Every entry needs to be written out again exactly, with its pictures removed.

+++ Data listing +++

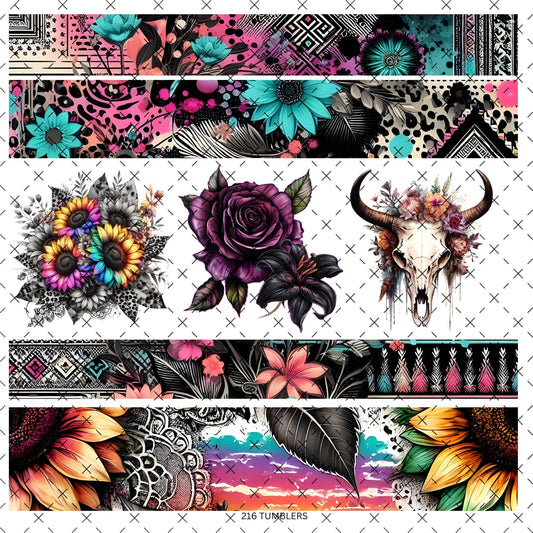 10X10 - 156 BANDS AND DECALS - 216 Tumblers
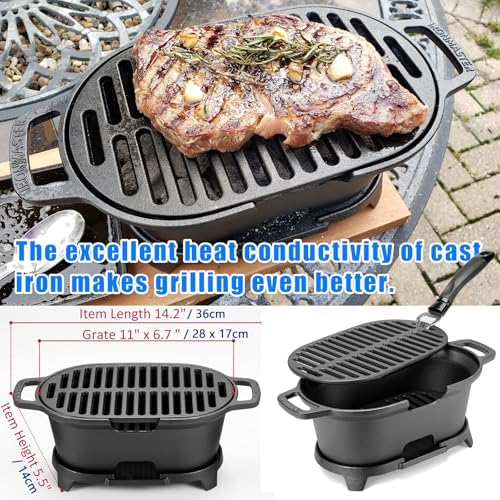 IRONMAX Mini Hibachi Grill Outdoor, Portable Small Charcoal Grill and Tabletop Cast Iron Skillet, 100% Cast Iron, Durable, Camping BBQ Grill Grate 11" x 6.7" for 2 People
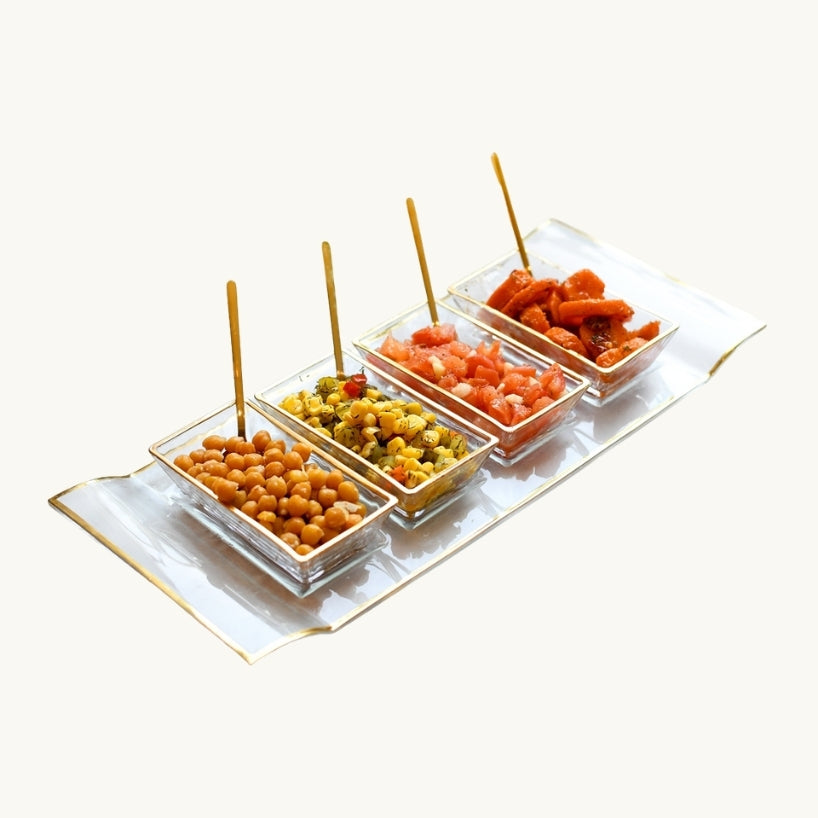 Invigo Living Clear Tray with Rectangular Bowls/Spoons 40.6 x 18 x 4.3 cm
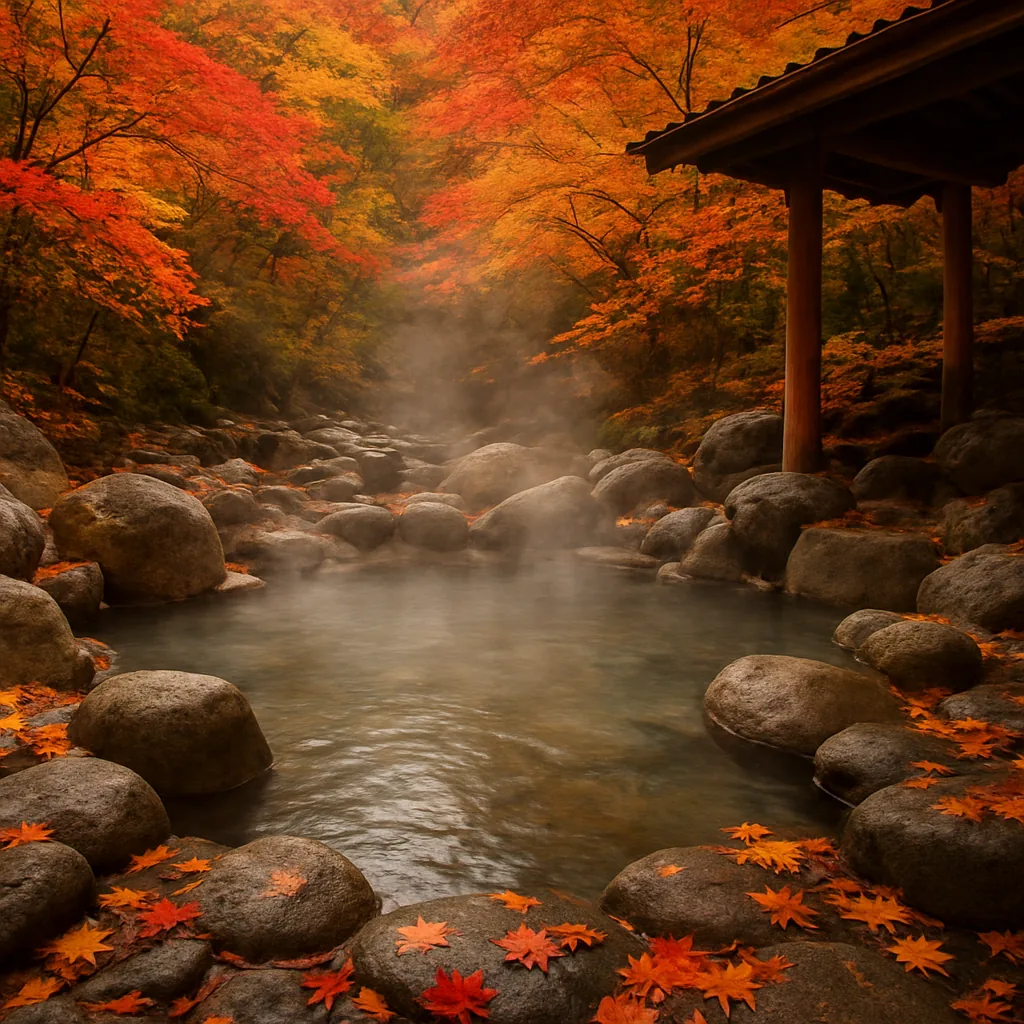 川岩に囲まれた露天温泉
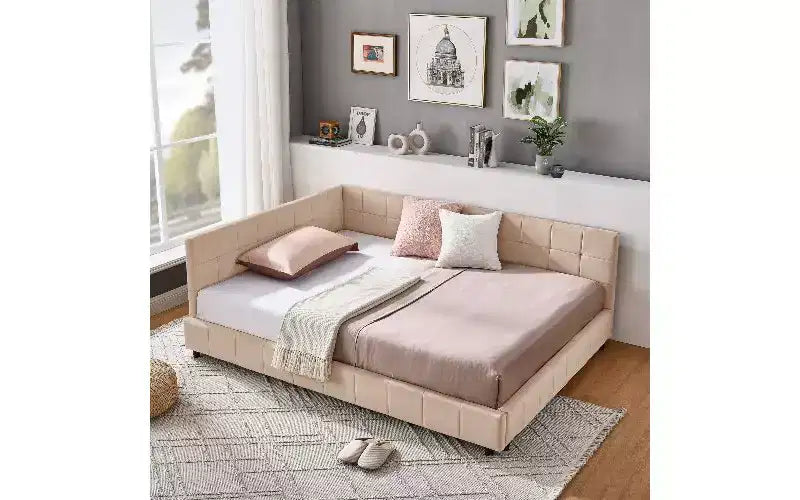 Lettino da giorno matrimoniale in velluto TUYOHW Mid-Century, divano letto imbottito con struttura in legno di eucalipto, letto trapuntato con testiere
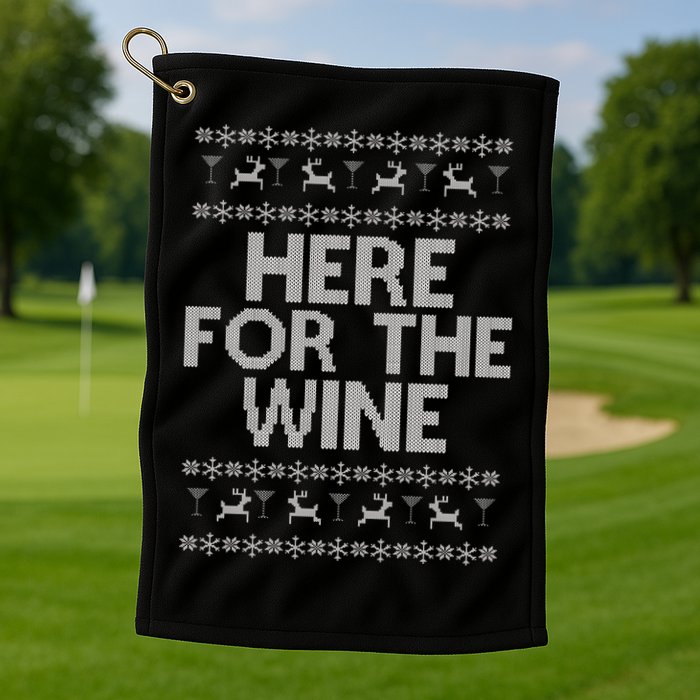 Here For The Wine Ugly Christmas Sweater Golf Towel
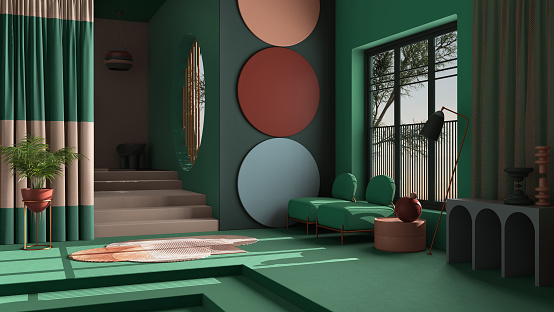 Pastel colors and metaphysical abstract object for flat living room in classic space, concrete staircase, turquoise walls, armchairs, potted plant, carpet and lamps, interior design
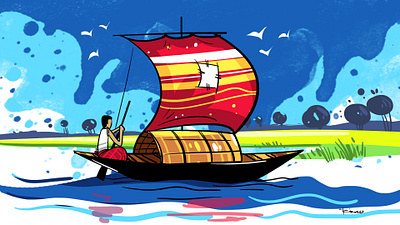 HOW TO DRAW A BOAT I BANGLADESHI BOAT DRAWING I BOAT AND RIVER S branding cgwork delowarripon delowarriponcreation design digitalart drawing illustration sketchart vector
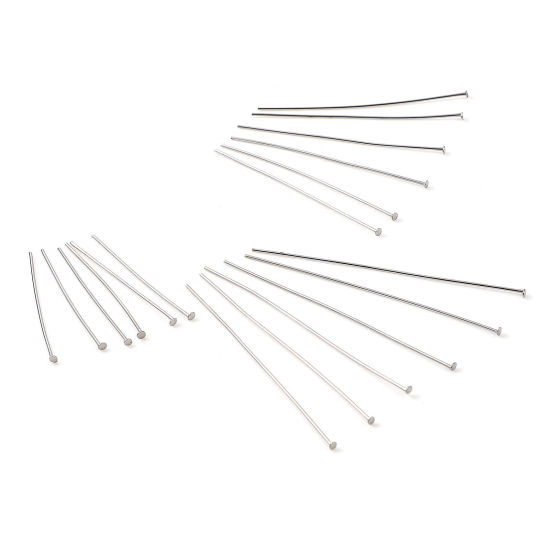 Picture of Stainless Steel Head Pins Silver Tone 500 PCs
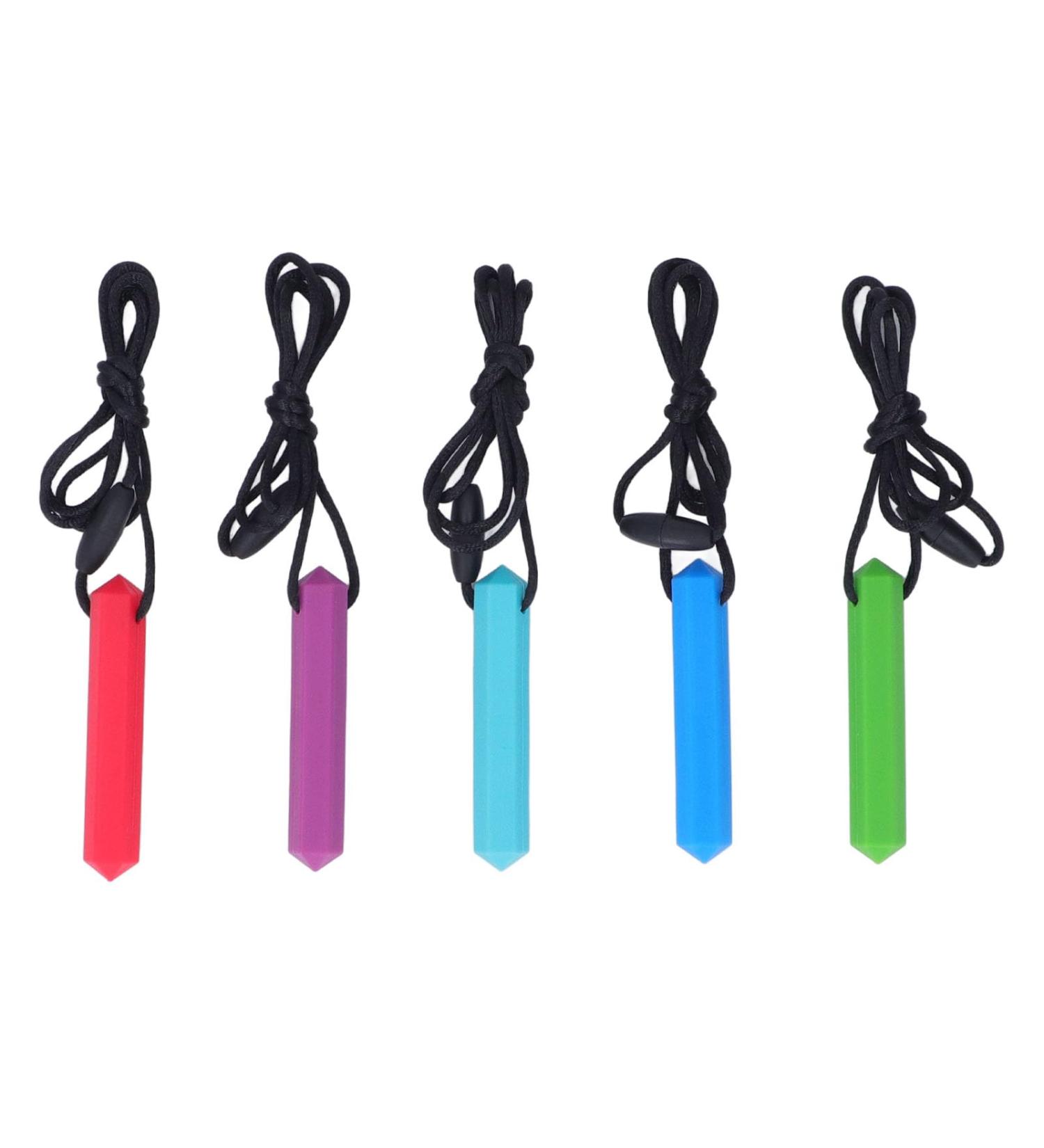 5-Piece Silicone Baby Teething Necklace - Crystal Oral Motor Aids for Soothing Teething Pain | International Shipping - Buy Online on GoSupps.com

+++

* Result for this task:
 10X10 - 156 BANDS AND DECALS - 216 Tumblers
 IRONMAX Mini Hibachi Grill Outdoor, Portable Small Charcoal Grill and Tabletop Cast Iron Skillet, 100% Cast Iron, Durable, Camping BBQ Grill Grate 11" x 6.7" for 2 People
 Invigo Living Clear Tray with Rectangular Bowls/Spoons 40.6 x 18 x 4.3 cm
 川岩に囲まれた露天温泉
 Lettino da giorno matrimoniale in velluto TUYOHW Mid-Century, divano letto imbottito con struttura in legno di eucalipto, letto trapuntato con testiere
 Here For The Wine Ugly Christmas Sweater Golf Towel
 Pastel colors and metaphysical abstract object for flat living room in classic space, concrete staircase, turquoise walls, armchairs, potted plant, carpet and lamps, interior design
 HOW TO DRAW A BOAT I BANGLADESHI BOAT DRAWING I BOAT AND RIVER S branding cgwork delowarripon delowarriponcreation design digitalart drawing illustration sketchart vector
 Picture of Stainless Steel Head Pins Silver Tone 500 PCs
 5-Piece Silicone Baby Teething Necklace - Crystal Oral Motor Aids for Soothing Teething Pain | International Shipping - Buy Online on GoSupps.com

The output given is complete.